= What you need to do =
Where the lines below hold images, skip those and copy every word exactly.

= Information supplied =
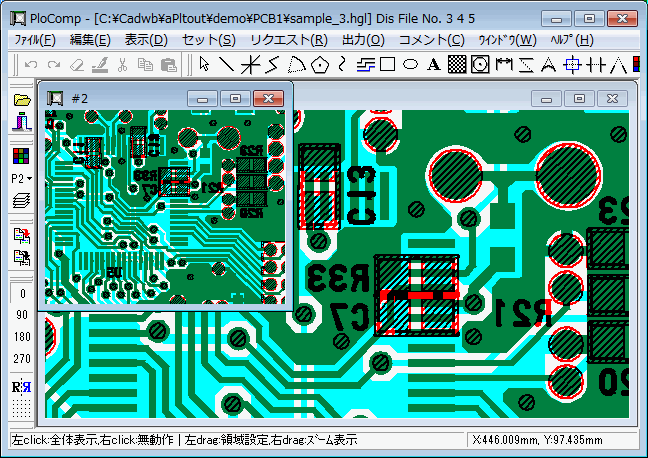 Hpgl Pdf Dxf Dwg Gerber Iges Tiff 図面比較 Viewer Plocomp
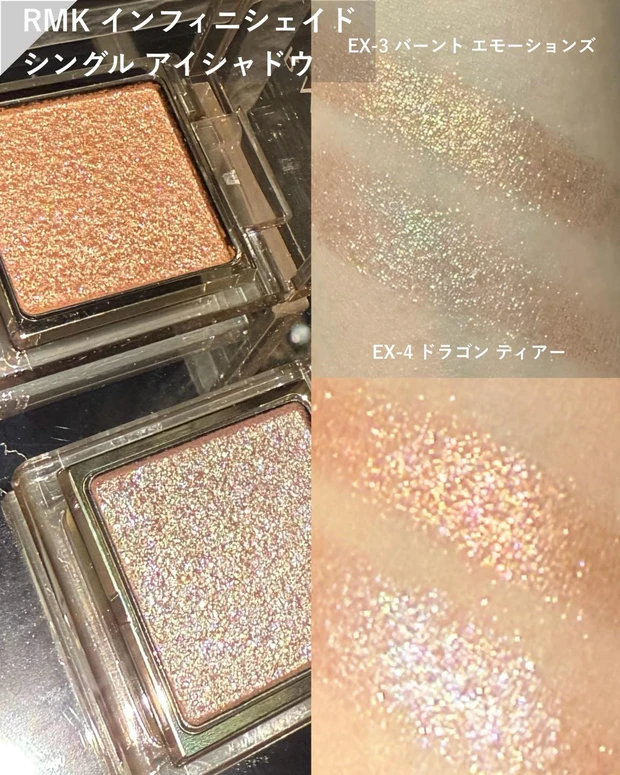 RMK インフィニシェイド シングル アイシャドウ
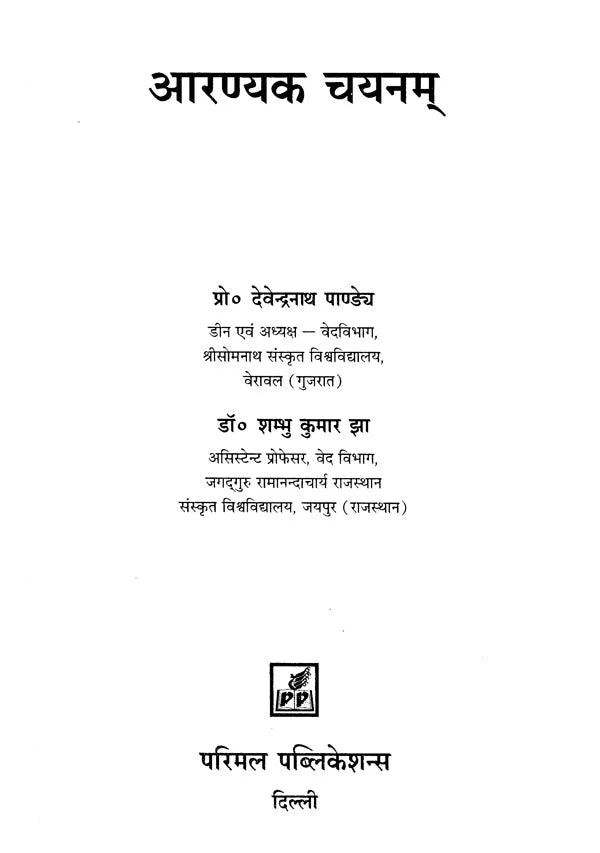 Selection from the Aranyakas - Retail Maharaj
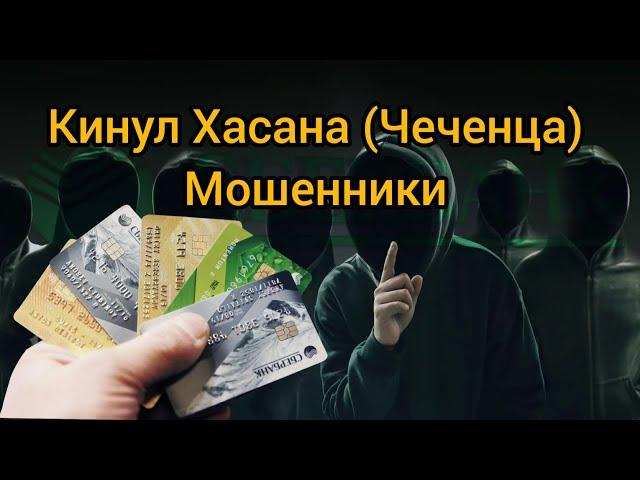 КИНУЛ ХАСАНА (ЧЕЧЕНЦА) - Развёл Мошенника на деньги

= Response to this task =
 Hpgl Pdf Dxf Dwg Gerber Iges Tiff 図面比較 Viewer Plocomp
 RMK インフィニシェイド シングル アイシャドウ
 Selection from the Aranyakas - Retail Maharaj
 КИНУЛ ХАСАНА (ЧЕЧЕНЦА) - Развёл Мошенника на деньги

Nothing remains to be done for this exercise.